Flutterwave has over 25,000 businesses across Africa— some selling skincare, beauty products, others selling shoes and fashion items, etc on the Flutterwave Store. It’s interesting to note how small businesses are currently using the solutions and the huge opportunity this has for the future.
Here are a few ways small businesses are using the solution. This barbecue Business—Smoked Barbecue in a Box offers home delivery with the support of Flutterwave Store. This cocktail company—Big Fish Cocktail offers unique drinks sold over the Flutterwave Store.
What are some of your plans to offer payment services to US-based clients and companies?
We are excited for the opportunity to offer Flutterwave’s payment infrastructure to US-based clients and companies. Currently, we are already working with merchants such as Uber, Netflix, and Microsoft on their expansion across Africa. And, we have started talking to many other US-based merchants that have growth ambitions across the continent.
We also have several strategic partnerships that will help us expand the services that we can offer to our merchant base and look forward to launching those in the near future for our US merchants.
What are your thoughts on the importance of African Americans being more involved in the African startup scene as founders and/or investors?
First is the massive economic benefits and opportunities for African Americans to access the widely untapped trillion dollar economic opportunities both in Africa and in the US. By 2030, Africa will have 1.7 billion people and a combined consumer and business spending of 6.7 trillion U.S. dollars (Brookings). The continent is creating a new development path and harnessing the potential of its people and resources.
Secondly is the socio-economic benefit. The African-American community can play a huge part in the prosperity of the continent by starting up or investing in businesses that will bring socio-economic change and employ more people on the continent. Advancing US-Africa trade, investment, and technology in Africa would unlock massive economic growth and increased prosperity for both regions.
What future plans do you have that involve cryptocurrency?

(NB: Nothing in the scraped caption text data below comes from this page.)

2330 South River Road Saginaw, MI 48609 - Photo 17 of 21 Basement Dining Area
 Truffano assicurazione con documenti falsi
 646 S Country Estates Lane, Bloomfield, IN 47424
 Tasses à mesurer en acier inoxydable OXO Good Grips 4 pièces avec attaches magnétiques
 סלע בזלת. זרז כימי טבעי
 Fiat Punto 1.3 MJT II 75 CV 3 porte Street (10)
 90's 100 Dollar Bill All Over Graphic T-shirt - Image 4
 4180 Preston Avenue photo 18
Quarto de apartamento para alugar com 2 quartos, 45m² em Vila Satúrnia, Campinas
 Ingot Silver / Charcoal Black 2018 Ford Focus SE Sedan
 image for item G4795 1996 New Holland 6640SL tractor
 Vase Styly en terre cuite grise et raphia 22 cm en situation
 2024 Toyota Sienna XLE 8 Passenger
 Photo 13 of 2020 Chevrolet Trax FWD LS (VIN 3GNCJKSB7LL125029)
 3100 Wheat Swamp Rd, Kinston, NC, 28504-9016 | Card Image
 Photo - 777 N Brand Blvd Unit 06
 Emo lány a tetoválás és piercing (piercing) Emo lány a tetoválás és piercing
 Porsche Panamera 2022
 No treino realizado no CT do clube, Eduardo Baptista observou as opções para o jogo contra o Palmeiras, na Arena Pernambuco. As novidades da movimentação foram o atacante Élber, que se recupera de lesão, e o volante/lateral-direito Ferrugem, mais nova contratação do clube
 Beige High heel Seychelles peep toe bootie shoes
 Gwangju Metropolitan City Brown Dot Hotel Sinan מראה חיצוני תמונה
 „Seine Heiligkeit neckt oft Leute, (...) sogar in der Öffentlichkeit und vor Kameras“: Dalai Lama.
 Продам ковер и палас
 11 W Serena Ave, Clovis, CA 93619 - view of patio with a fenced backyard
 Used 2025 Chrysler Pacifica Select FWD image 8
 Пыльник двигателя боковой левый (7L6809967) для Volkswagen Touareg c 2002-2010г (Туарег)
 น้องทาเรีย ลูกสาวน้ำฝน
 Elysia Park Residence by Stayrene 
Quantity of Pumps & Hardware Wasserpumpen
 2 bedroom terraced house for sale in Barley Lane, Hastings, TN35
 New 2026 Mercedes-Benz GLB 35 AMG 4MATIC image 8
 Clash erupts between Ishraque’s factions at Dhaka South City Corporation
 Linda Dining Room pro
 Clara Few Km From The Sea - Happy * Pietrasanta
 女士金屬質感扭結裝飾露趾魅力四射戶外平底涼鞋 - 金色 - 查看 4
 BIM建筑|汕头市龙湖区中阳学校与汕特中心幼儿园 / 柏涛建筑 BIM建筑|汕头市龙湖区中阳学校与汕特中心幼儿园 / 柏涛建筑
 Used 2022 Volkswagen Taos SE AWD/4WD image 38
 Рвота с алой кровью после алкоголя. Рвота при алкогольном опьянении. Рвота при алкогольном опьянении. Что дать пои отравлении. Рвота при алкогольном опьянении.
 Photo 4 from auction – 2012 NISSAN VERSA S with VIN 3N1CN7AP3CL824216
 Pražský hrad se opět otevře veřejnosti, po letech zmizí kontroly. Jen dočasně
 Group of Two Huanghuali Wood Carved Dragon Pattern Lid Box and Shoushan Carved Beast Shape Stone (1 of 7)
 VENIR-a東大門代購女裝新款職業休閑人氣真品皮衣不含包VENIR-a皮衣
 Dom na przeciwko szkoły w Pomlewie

We support our customers and help them in countries where they are compliant with the regulations. We are excited to explore diverse use cases of our solutions across the world and across various sectors in compliance with regulations guiding such sectors and countries. Our future plans include working with all stakeholders to better understand and use the technology in a way that protects the consumers.
What advice do you have for those in the Diaspora that are interested in entering the rapidly growing tech startup space in Nigeria?
Just do it! Through skill share, knowledge share, and investments in the tech ecosystem, the African diaspora can help unlock some of the continent’s full potential. The best time to invest in Africa was a few years back.
The second best time is now. The continent is on the fast track in building cutting edge technologies across healthcare, payments, logistics, e-commerce and the market is readily available.
The regulators are also learning fast and catching up with the speedy innovations on the continent. Africa is rich in talent; the diaspora should consider looking inward for talents that can help build, run and scale their businesses.